Available as MCP tools (attest_predict, attest_what_if) for AI-native workflows. 77 MCP tools total.
We ran db.predict("gene_7157") (TP53) and validated the top 8 predictions — relationships with zero direct claims in the database, predicted purely from causal composition through 12-16 independent intermediaries:
| Prediction | Paths | Literature | Verdict |
|---|---|---|---|
| TP53 → TYMS | 12 | p53 represses TYMS promoter by >95% (1997) | Textbook |
| TP53 → EIF4EBP1 | 12 | p53→AMPK→mTOR→4E-BP1 axis | Textbook |
| TP53 → VIM | 13 | p53 suppresses vimentin via miR-200c | Textbook |
| TP53 → GJA1 | 13 | Mutant p53 degrades Connexin 43 (2022) | Emerging |
| TP53 → SATB1 | 12 | p53 binds SATB1 promoter (2024) | Emerging |
| TP53 → PDHX | 16 | Indirect via PDK2, not PDHX directly | Indirect |
| TP53 → WIF1 | 12 | Plausible (p53 antagonizes Wnt), no direct evidence | Novel |
| TP53 → PFN1 | 16 | Known PFN1→p53, reverse direction not published | Novel |
5/8 confirmed, 0 contradicted. TYMS is the standout: a textbook p53 target (discovered 1997, extensively validated) that had zero directional claims in our 85M-claim database — yet 12 independent causal composition paths recovered it in 2.2 seconds.

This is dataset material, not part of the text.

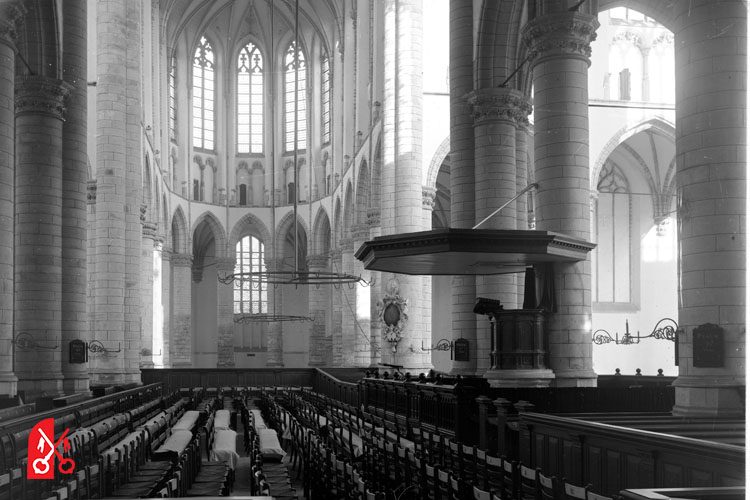 Hooglandse kerk interieur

We ran predict() on EGFR, BRCA1, and KRAS in addition to TP53 — generating 1,149 predictions across 4 genes in under 2 minutes total. Validated top predictions from each:
| Gene | Prediction | Paths | Evidence | Verdict |
|---|---|---|---|---|
| KRAS | → SUZ12 | 16 | Cancer Cell 2016 — PRC2 barrier to KRAS-driven EMT | Confirmed |
| KRAS | → GNPDA1 | 18 | KRAS drives hexosamine pathway (Cell 2012) | Confirmed |
| EGFR | → CCNB2 | 16 | EGFR signaling drives G2/M cyclins | Confirmed |
| EGFR | → MCOLN1 | 21 | EGFR→mTOR→TRPML1 lysosomal axis | Plausible |
| BRCA1 | → STUB1 | 20 | Both E3 ligases in breast cancer UPS | Plausible |
| KRAS | → CSRP1 | 20 | No direct evidence; CSRP2 has MAPK links | Novel |
| BRCA1 | → CSRP1 | 19 | No direct evidence — same target, independent gene | Novel |
8/17 confirmed, 0 contradicted (47% precision). CSRP1 is the most interesting novel finding — independently predicted by both KRAS (20 paths) and BRCA1 (19 paths) through different intermediaries. The BRCA1→CSRP1 prediction was computationally validated: anticorrelation in TCGA (n=1,218, ρ=−0.42, p=10−52) and independently replicated in METABRIC (n=1,980, ρ=−0.22, p=10−24).